_WHAT THIS TASK INVOLVES_: Could you retype exactly the lines below between the one holding "When it comes" and the one holding "We'll need to", inclusive, leaving out any pictures?

INPUT RECORDS Block Start

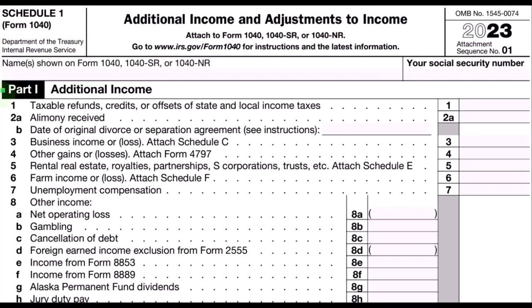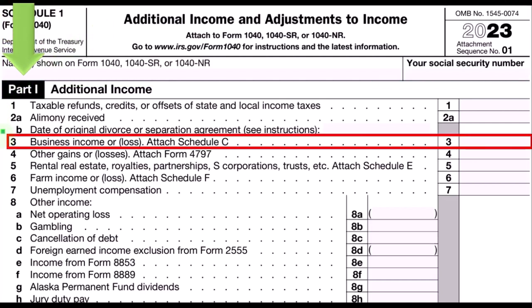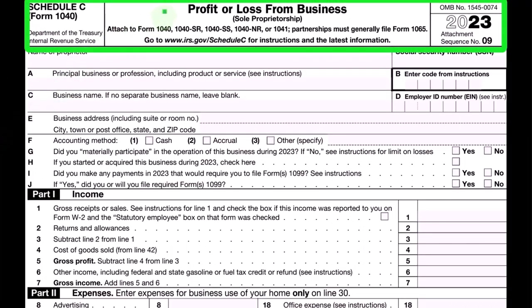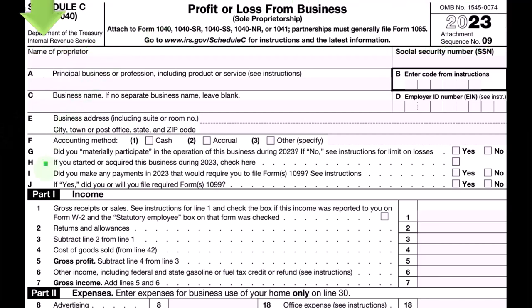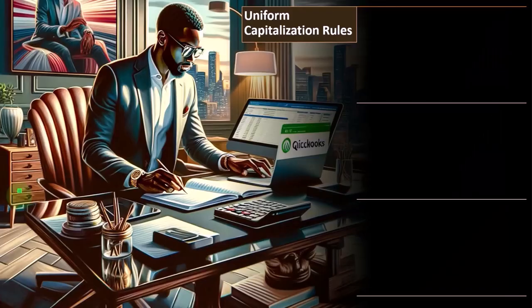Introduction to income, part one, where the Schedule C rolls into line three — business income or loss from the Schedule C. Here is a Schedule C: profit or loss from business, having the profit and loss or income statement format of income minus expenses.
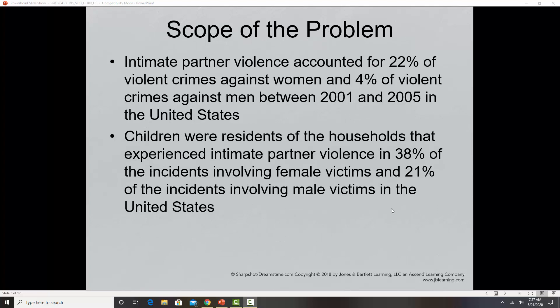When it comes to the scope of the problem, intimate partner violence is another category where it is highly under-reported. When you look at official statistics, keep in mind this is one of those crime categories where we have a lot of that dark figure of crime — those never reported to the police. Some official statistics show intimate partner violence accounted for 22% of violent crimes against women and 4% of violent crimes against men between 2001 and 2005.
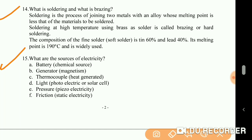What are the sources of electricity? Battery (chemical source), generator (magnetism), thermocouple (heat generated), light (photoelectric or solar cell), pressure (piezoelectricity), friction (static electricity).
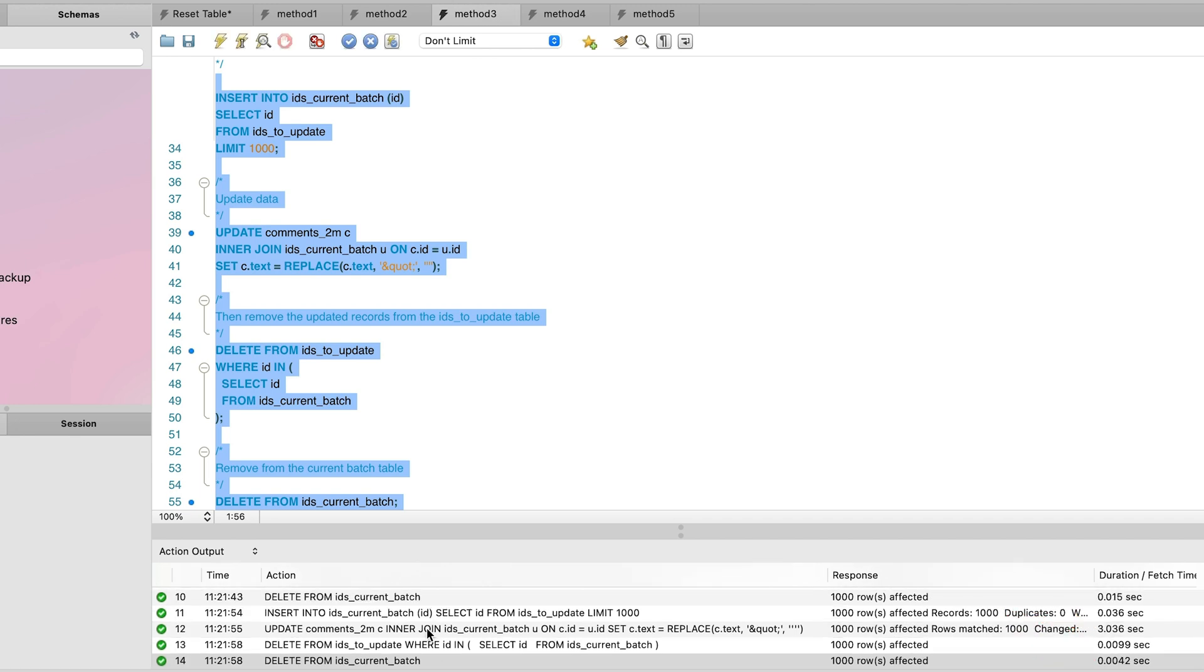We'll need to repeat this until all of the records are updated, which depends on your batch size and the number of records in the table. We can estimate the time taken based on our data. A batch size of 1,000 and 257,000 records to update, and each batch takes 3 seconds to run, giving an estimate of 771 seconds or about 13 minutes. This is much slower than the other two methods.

INPUT RECORDS Block End
INPUT RECORDS Block Start

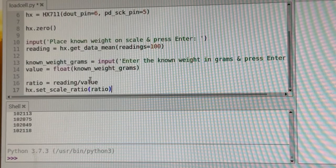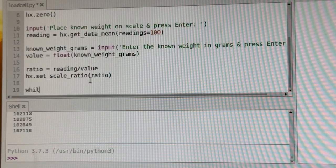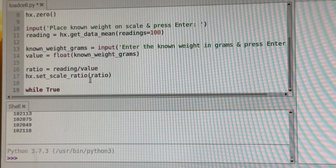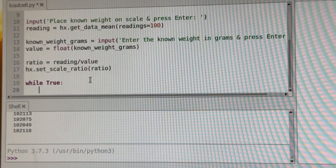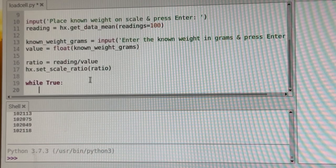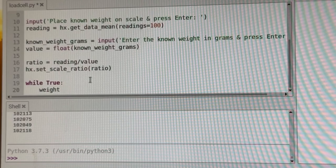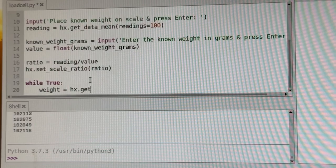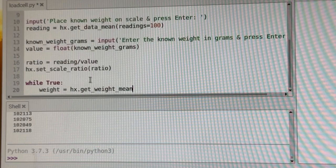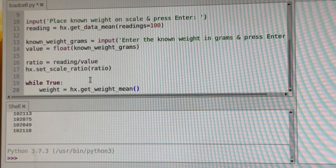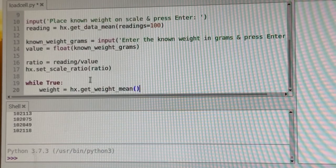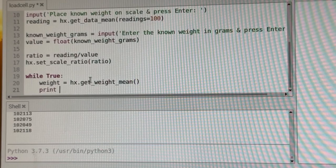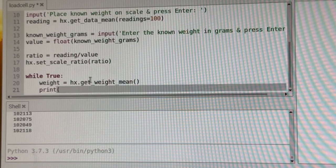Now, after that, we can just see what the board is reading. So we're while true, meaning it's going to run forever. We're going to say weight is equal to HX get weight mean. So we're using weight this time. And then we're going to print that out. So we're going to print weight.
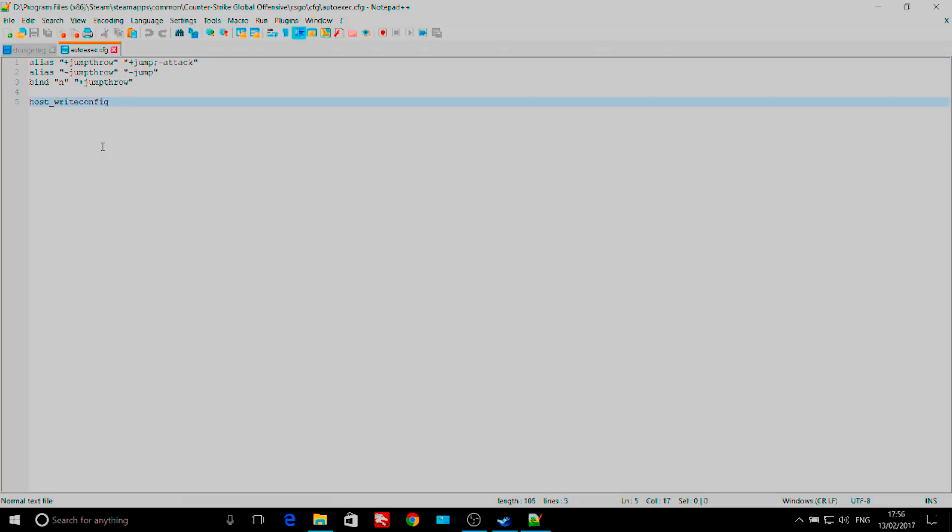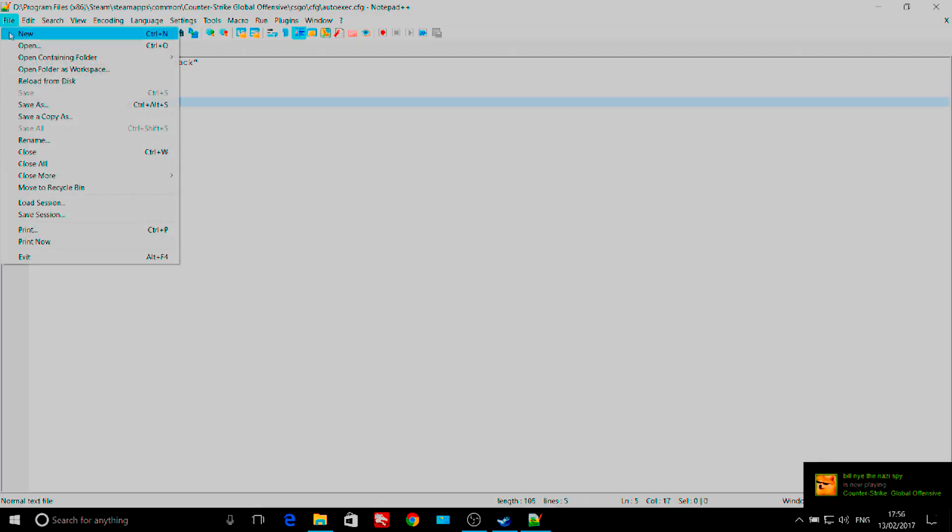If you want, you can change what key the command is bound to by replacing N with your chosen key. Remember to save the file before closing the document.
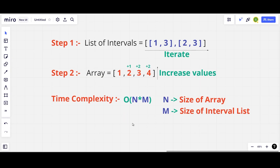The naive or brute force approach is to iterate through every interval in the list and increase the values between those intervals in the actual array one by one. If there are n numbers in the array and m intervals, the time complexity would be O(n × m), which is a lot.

INPUT RECORDS Block End

_EXERCISE OUTPUT_:
When it comes to the scope of the problem, intimate partner violence is another category where it is highly under-reported. When you look at official statistics, keep in mind this is one of those crime categories where we have a lot of that dark figure of crime — those never reported to the police. Some official statistics show intimate partner violence accounted for 22% of violent crimes against women and 4% of violent crimes against men between 2001 and 2005.
What are the sources of electricity? Battery (chemical source), generator (magnetism), thermocouple (heat generated), light (photoelectric or solar cell), pressure (piezoelectricity), friction (static electricity).
We'll need to repeat this until all of the records are updated, which depends on your batch size and the number of records in the table. We can estimate the time taken based on our data. A batch size of 1,000 and 257,000 records to update, and each batch takes 3 seconds to run, giving an estimate of 771 seconds or about 13 minutes. This is much slower than the other two methods.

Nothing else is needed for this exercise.